Market penetration of supply-chain management is only at 10% globally according to McKinsey, and only 30% of businesses worldwide have supply-chain financing computing according to Deloitte. Prevalently in the world, there is a lag between payment to buyers from suppliers, which was due to the financial crisis in the 1990s as companies tried to stretch internal resources. Supply-chain management can help improve the cashflow between suppliers and buyers by making payments fast and convenient for buyers.  Fortunately, companies are realizing these benefits, and supply-chain financing is growing. Fintech firms are driving this growth due to the ease of the platforms they offer.

Fintech firms are shortening payments by paying sellers on behalf of buyers. Once a buyer approves of an invoice, it is sent to the fintech lender, who then pays the supplier at the agreed date. The fintech lenders are also able to pay buyers on a earlier date less a discount, which are minute due to low interest rates, short financing periods, and risks only associated with the market. Although banks offer this kind of financing, fintech firms are able to help out smaller businesses, meeting the need of the growing market.

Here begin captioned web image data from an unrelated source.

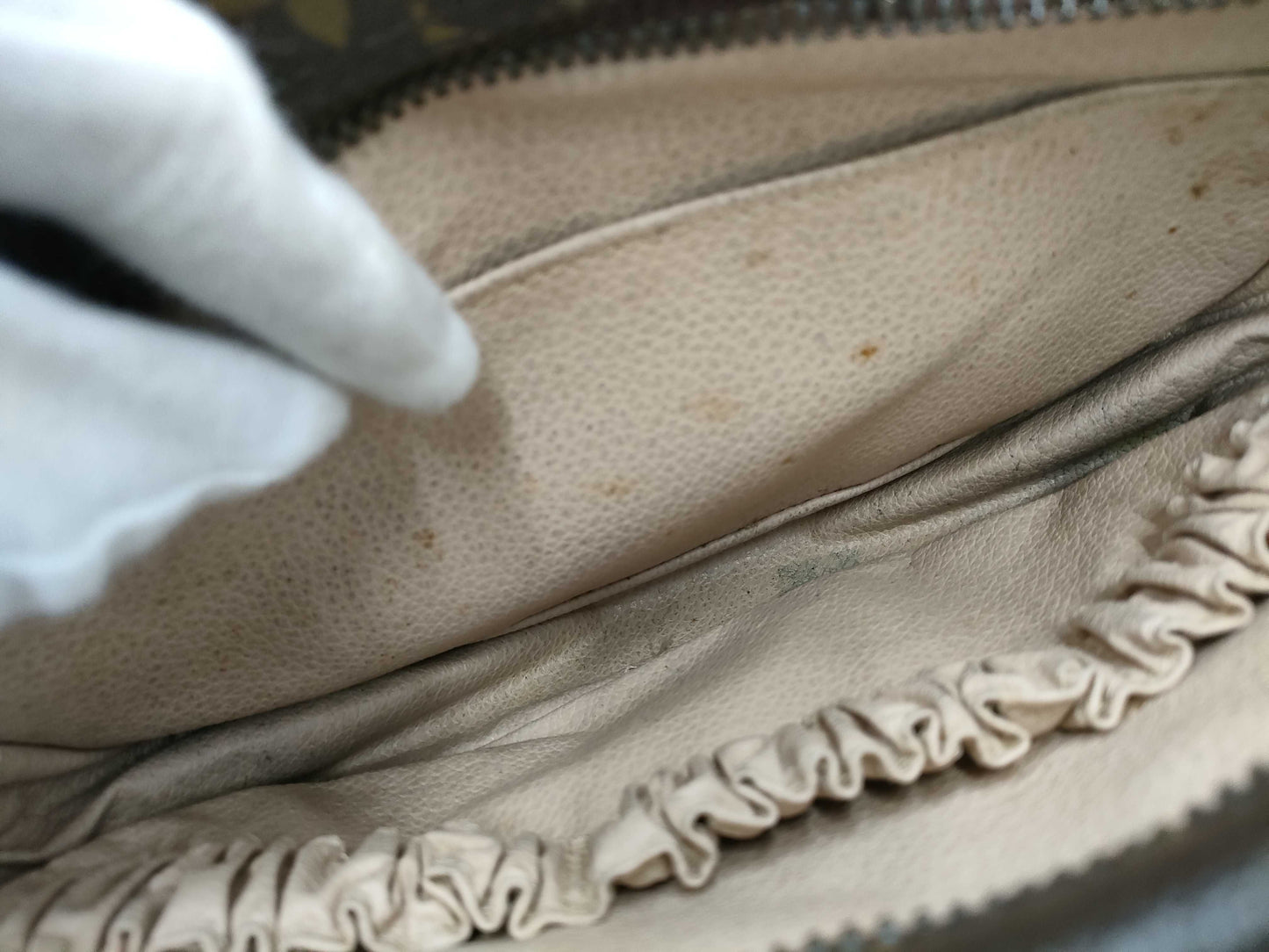 LOUIS VUITTON True Toilet Second Bag Bag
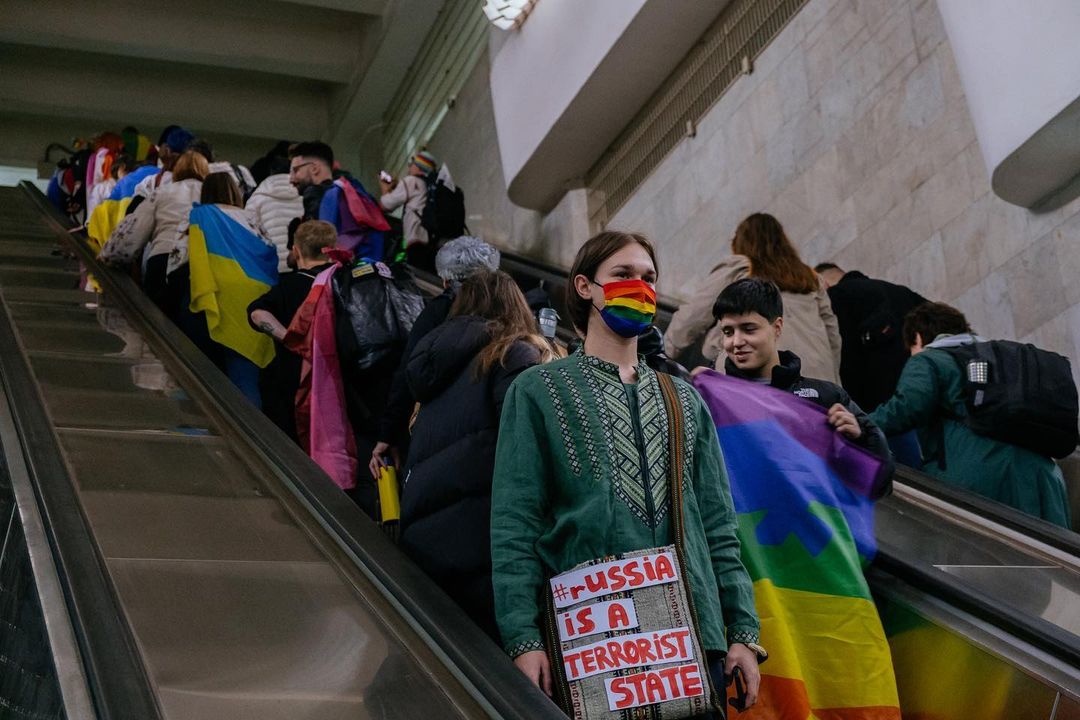 "Мы боремся за Украину": в харьковском метро ЛГБТ-активисты провели марш (фото)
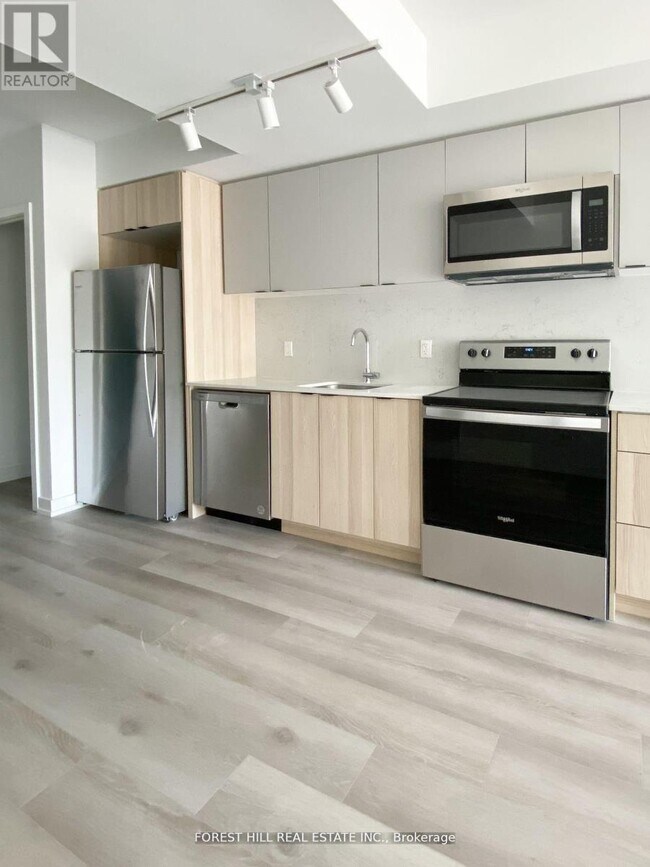 Photo - 2000 Bathurst St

How Fintech Firms are Helping to Revolutionize Supply-Chain Management 

One thought on “How Fintech Firms are Helping to Revolutionize Supply-Chain Management”

  1. This is interesting given the fact that supply chain is a big part of businesses worldwide. I definitely think that by improving the supply chain, especially through FinTech, more companies are able to focus on the content of the business, rather than daily operations (such as operations between buyers and sellers as mentioned).